Con Alberto hay una historia muy bonita. Yo soy georgiana, vengo del país donde nació el vino... Pero no soy experta, ni siquiera fan, del vino. Me gustaba, claro, pero no lo entendía del todo. Y además, los vinos que traíamos de Georgia eran muy particulares: con más cuerpo, más carácter... Y, como te digo, al principio no estaba tan enamorada. Recuerdo una cata con Alberto, ahí cambió todo. Él ya conocía y cataba algunos vinos georgianos, y supo explicarlos, abrirlos, hacerme entenderlos. Y de repente pasaron a parecerme de los mejores. Trabajo con él porque sabe traducir ese mundo y hacerlo accesible sin perder autenticidad. En K’era queríamos una carta con alma mediterránea, fácil de disfrutar, pero con identidad. Las referencias georgianas tienen un peso importante dentro de la bodega, son parte de nuestra esencia, pero conviven con otros vinos. No es algo cerrado, es una carta pensada para descubrir y disfrutar sin complicaciones.

Los cócteles vuelven a tener su espacio en esta nueva aventura de Nino

Los cócteles vuelven a tener su protagonismo. ¿Qué tiene la coctelería que encaja con todas las culturas?

La coctelería tiene algo muy especial: es un lenguaje universal. Puedes contar una historia, una cultura, un origen... Pero en un formato que todo el mundo entiende y disfruta. A K’era he querido traer esa energía de una forma más directa. Tenemos cócteles prebatch de grifo también, creados por los bartenders de Persimmon’s, Alejandro Toledo y Eduardo Martínez, inspirados en Georgia pero pensados para el ritmo del espacio: fáciles de beber, accesibles, pero con identidad. En Georgia, en los últimos años, se está viviendo un crecimiento interesante en la coctelería, con bares más tipo speakeasy y propuestas más experimentales. Todavía no está al nivel de España, donde hay una cultura muy fuerte, pero está evolucionando rápido y es algo que me inspira mucho. Al final, igual que en la cocina, para mí la coctelería es otra forma de interpretar nuestra cultura desde una mirada actual.

Sabemos que la música en vinilo es otro de sus grandes atractivos. ¿Qué suena en K'era en cada momento del día?

La música es clave en K’era. No es decoración, es parte del concepto.

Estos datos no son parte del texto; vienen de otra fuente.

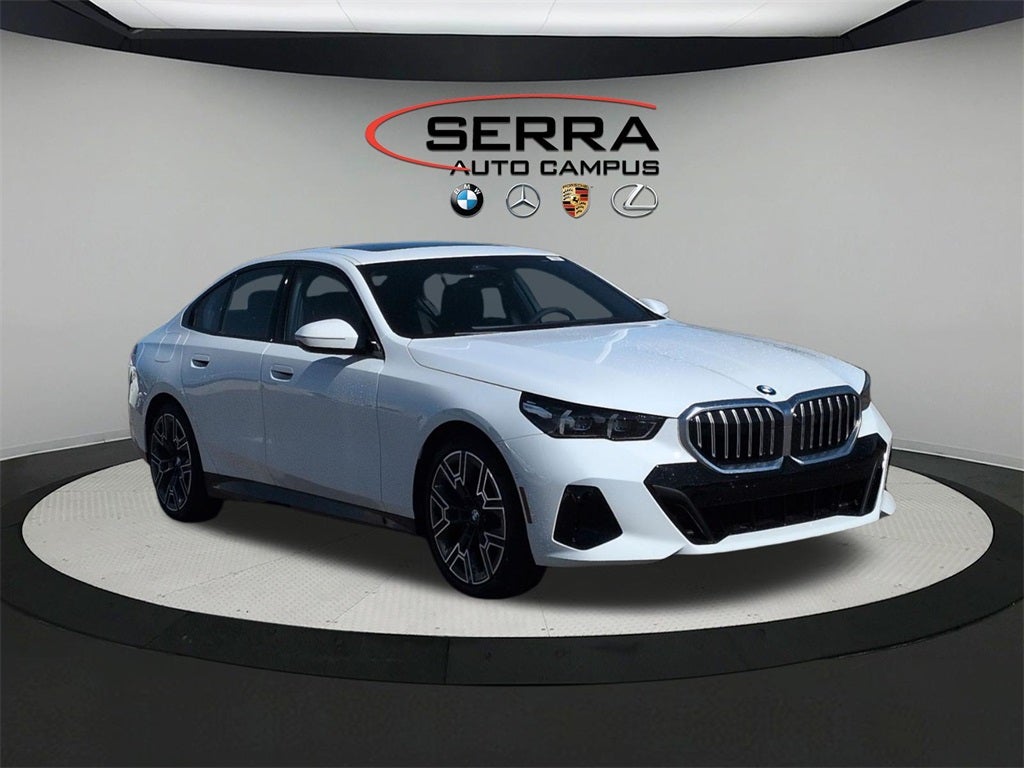 2026 BMW 530i 530i xDrive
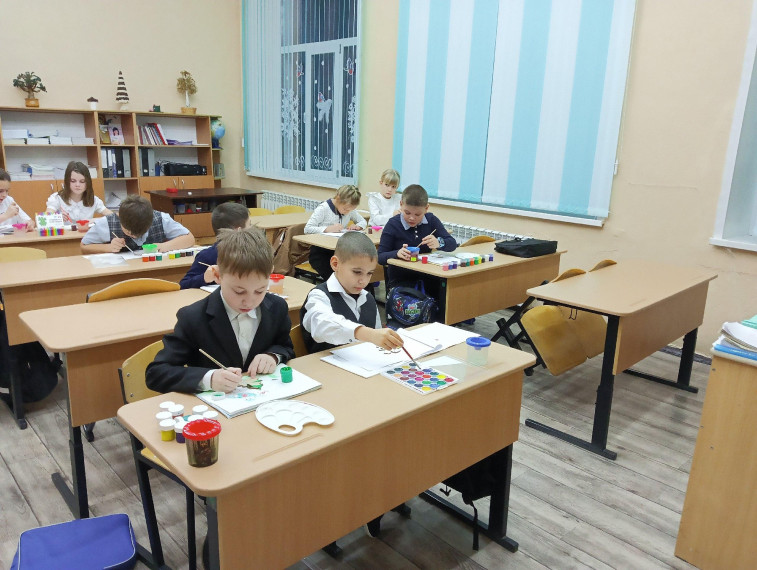 мастер класс.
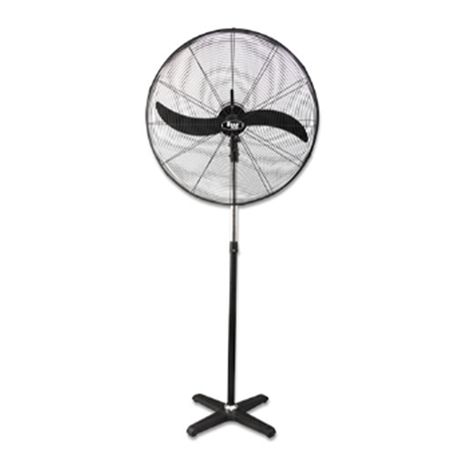 VENTILADOR DE PIE INDUSTRIAL STAR TRAK STI30 30` 280W.  - 4607695 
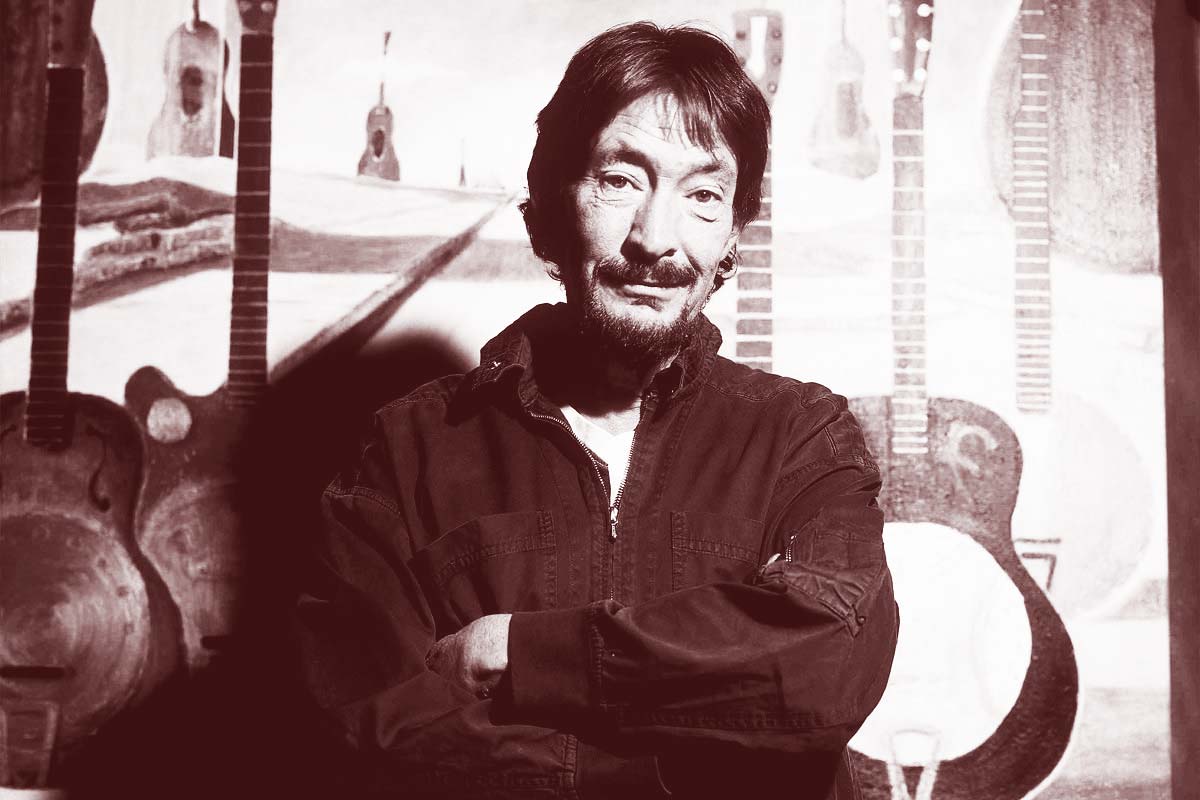 Chris Rea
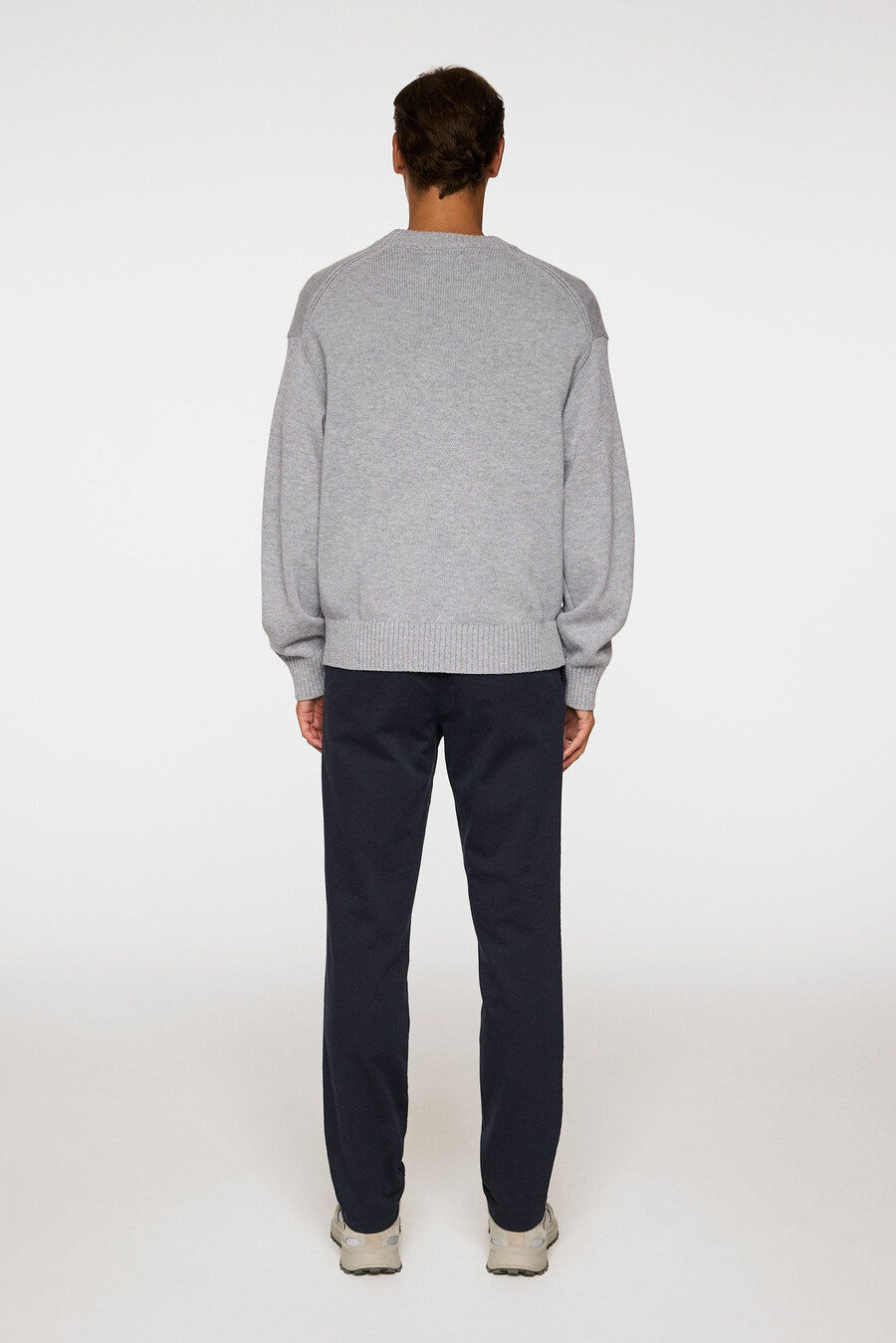 pantaloni in flanella ched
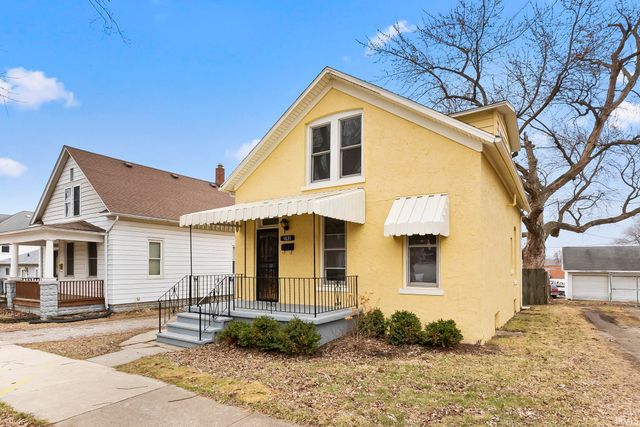 1631 Howell Street, Fort Wayne, IN 46808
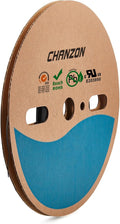 Chanzon 2:1 Ratio - 80Ft Roll - 1/32" (0.8mm) Heat Shrink Tubing 2:1(25M Total Length) Black Polyolefin Sleeving Wrap Shrinking 2 to 1 1pcs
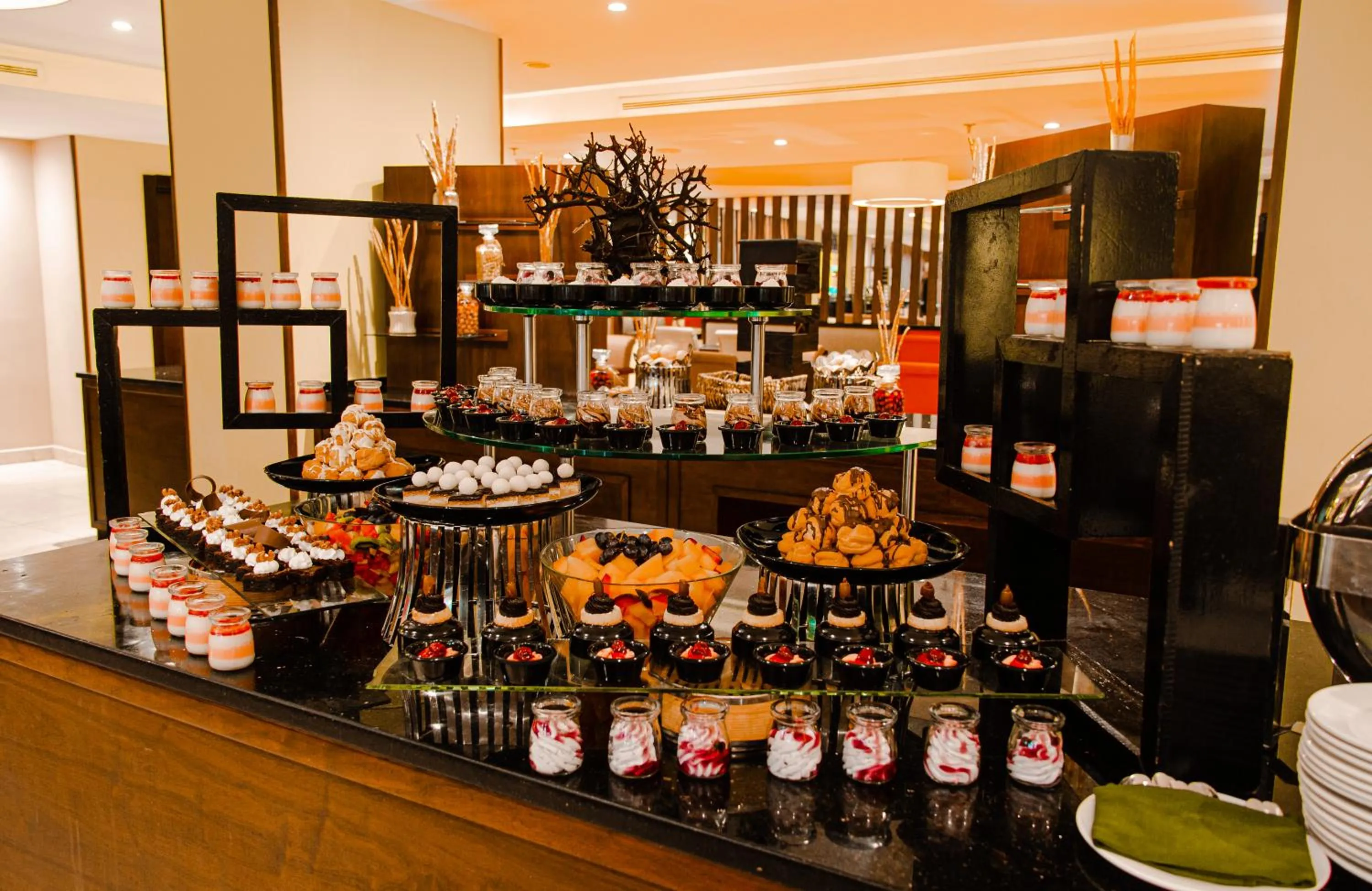 Food and drinks in Oryx Hotel Aqaba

Cambia según el momento del día: por la mañana es más suave, más cálida; por la tarde sube un poco la energía; y por la noche tiene más ritmo. He trabajado la selección musical con el apoyo de Kind Project, pero el criterio y el gusto son muy míos. Es algo muy personal, muy de intuición. Para mí, igual que la comida o el espacio, el sonido tiene que acompañar cómo se siente el sitio en cada momento.